Earlier this year, one resident of New Castle County in Delaware discovered two kissing bugs within a six-month period, first on her bed pillow, then hiding on a baking sheet in her kitchen. Both were as big around as a penny, black and flattened with orange stripes running along either side of the belly. True to their name, kissing bugs.

This led researchers at the University of Delaware, led by entomologists, to investigate those two bugs – and then, in a paper published this fall in The American Journal of Tropical Medicine and Hygiene, they concluded that they were examples of the kissing bug species, Triatoma sanguisuga.

Seeing a strange bug in one’s bed can give almost anyone the creeps, but entomologists who identified the makeshift insects as a species known for harbouring a human parasite confirmed their suspicions – inside the lukewarm kissing bugs lay the eggs of the parasite Trypanosoma cruzi (T. cruzi), which causes Chagas disease.

Chagas disease is believed to affect six to seven million people worldwide, according to the World Health Organization; and about 55 per cent of kissing bugs studied by the researchers at Texas A&M carry the parasite that causes the disease.

Kissing bugs also bite and stimulate itching, and can defecate on open skin when their blood meal is complete – so they would need to take both an intestinally directed bite and defecate on an open wound, before the person scratched. This is a rare circumstance, but ‘in any process where you roll the dice multiple times’, explains Peterson, ‘the more times your dice get rolled, the more likely you are to roll the most ridiculously unlikely combination.

Some species of kissing bugs actually defecate while feeding; if a person scratches kissing bug poop into the bite, this can lead to infection. Or the parasite can enter the body by mouth or eye, inadvertently, if a person touches her mouth or eye with contaminated hands, Texas Aggies researchers added. ‘Dogs may get infected by eating kissing bugs.’

Chagas disease produces a skin lesion or purplish swelling typically in the area where a bite occurred and flu-like symptoms, including fever, headache, muscle pain, swollen lymph glands and breathing problems, for those who are infected.

But worse, Chagas is usually characterised by chronic chest pain. According to WHO, 30 per cent will develop other cardiac complications later on, and heart-related symptoms can begin years after the initial bite.

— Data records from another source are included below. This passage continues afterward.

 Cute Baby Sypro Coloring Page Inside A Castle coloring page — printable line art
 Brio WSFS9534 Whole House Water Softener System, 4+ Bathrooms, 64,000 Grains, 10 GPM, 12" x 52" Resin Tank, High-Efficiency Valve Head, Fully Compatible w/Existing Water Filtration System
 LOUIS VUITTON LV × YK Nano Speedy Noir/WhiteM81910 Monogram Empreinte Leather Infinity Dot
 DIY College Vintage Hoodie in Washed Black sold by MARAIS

‘The infection can cause acute death within years, often related to an irregular heartbeat (arrhythmia) or heart failure due to the loss of the heart’s musculature and its nervous supply,’ the agency explains.

‘[The bug] wasn’t going to survive without that infection,’ Peterson said. ‘But it isn’t surprising that it was infected. It’s more of a wake-up call that this bug needs to be the subject of some research.

Peterson believes that the kissing bugs making themselves at home in the Delaware house were looking for a meal. ‘If there isn’t enough food to go around in the forest, and a kissing bug sees some twinkling lights coming out of someone’s house, it’s going to fly in and see if there is a meal.’

That said, Peterson doesn’t think people should be worried about a kissing bug outbreak.

‘I don’t like to encourage people to be afraid or anxious,’ Peterson said. ‘But I believe there is a wisdom in arming oneself’

Any person with a history of being bitten likely by a kissing bug should be evaluated for acute chagas by a physician.